Ifem and her blog serve as Adichie’s mouthpiece for these ideas. The fictional site has a sizable readership and a silly, intentionally obtuse name: “Raceteenth or Various Observations About American Blacks (Those Formerly Known as Negroes) by a Non-American Black.” Adichie, who is a traditional sort of writer, says the process of writing the blog posts was beyond her comfort zone. But it’s in those passages that Ifem, who sometimes floats through life, becomes a memorable protagonist. Some of Raceteenth’s sample headlines: “Obama Can Win Only If He Remains The Magic Negro,” “To My Fellow Non-American Blacks: In America, You Are Black, Baby,” and “What Academics Mean by White Privilege, or Yes It Sucks To be Poor and White but Try Being Poor and Non-White.”
For anyone who has spent even marginal time on blogs like Racialicious, the content of the posts are familiar. And Adichie’s ability to straight-talk renders the arguments convincing. “I had to prepare myself for sending these ideas out into the world, because I knew when I was writing it that I wasn’t following the rules,” she says, admitting that the task required some courage. “I got comments like, ‘maybe take out the blog posts,’ but I thought, no, I don’t want to. I realize there are people for whom this is not going to work, but that’s fine, because this is the book I wanted to write.”
It was written, she says, for everyone like her who wanted to read a different kind of novel on race, that wasn’t solely about race. “I wrote for women who want to see natural black hair in a novel. I wrote the book for people who leave home and want to see, in a novel, that idea of trying to figure out what home means and what going back means.”
Unlike Ifem, Adichie only spent four years in the U.S., for school, before returning home. (“It’s where I least question myself and my belonging.”) She describes herself as “a serious Naija girl,” and in certain cities in Africa she is somewhat of a celebrity. “Which,” she says, “basically means that sometimes people take my picture at the airport.” Widely read across the entire continent, her 2003 debut, Purple Hibiscus, is part of the secondary school curriculum in most of Anglophone West Africa.
“Growing up in Nigeria, writers weren’t exalted beings like they are in the West,” she says. “The Nigerian authors we read were much older, writing about realities that weren’t contemporary. Achebe, for example. Things Fall Apart, was set at the turn of the century and I thought many things in it were very exotic: why were these people eating pounded yam for breakfast?” Part of her mission, it seems, is to de-exotify Nigeria abroad, and at home. “I know that because of my work, young people see writing as something viable and I love that.
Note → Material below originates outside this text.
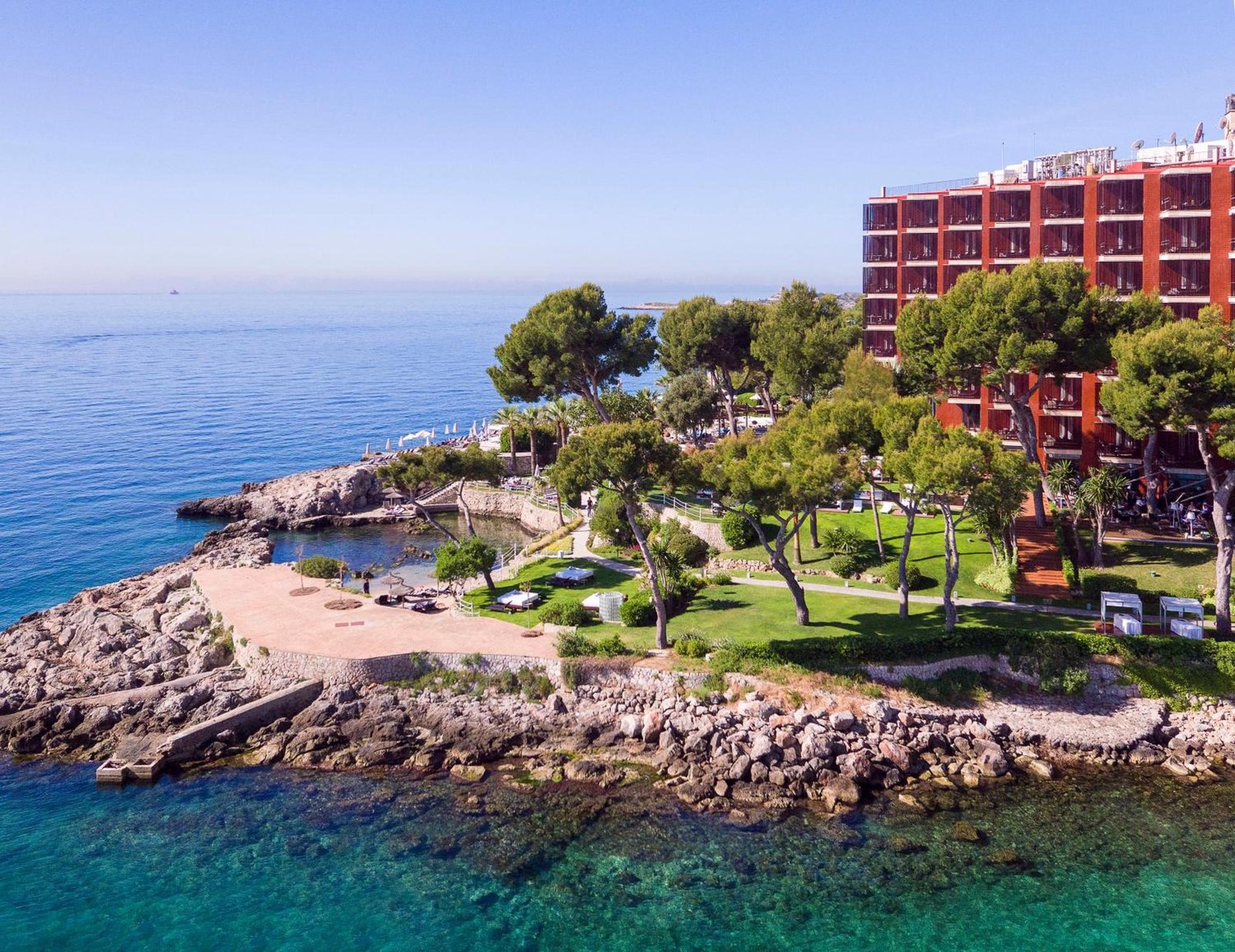 Hotel de Mar Gran Meliá - The Leading Hotels of the World - Adults only, backstory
I love that that’s happening, particularly with my Nigerian readership, because it’s their story I’m telling.”
Like the late Achebe, Adichie has populist tendencies. Her self-described “old-fashioned” tastes pull her toward novels, like Middlemarch, that take a stance or vibrate on some kind of universal frequency. Both Adichie and her protagonist have a sharp disdain for experimental fiction and existential musings (Adichie pokes fun at this: “Was this what the novelists meant by ennui?” a listless Ifem wonders after a break-up). When life outside of Nigeria begins to fail Obinze, he also loses hope in literature:
He read contemporary American fiction, because he hoped to find a resonance, a shaping of his longings, a sense of the America that he had imagined himself a part of. He wanted to know about day-to-day life in America, what people ate and what consumed them, what shamed them and what attracted them, but he read novel after novel and was disappointed: nothing was grave, nothing serious, nothing urgent, and most dissolved into ironic nothingness.
Like her takedown of race, Adichie offers a social critique on the way some contemporary fiction is divorced from the lived lives of salt-of-the-earth America. “I love books that are social in the way that they engage with the real reality. Experimental fiction… you know, there’s a sort of trendiness in these stories, there’s something lazy about them,” she explains. “If you don’t know how to tell a story, suddenly you start scrawling on the wall and all of a sudden it’s the new storytelling? I don’t have the patience [for those tricks]!”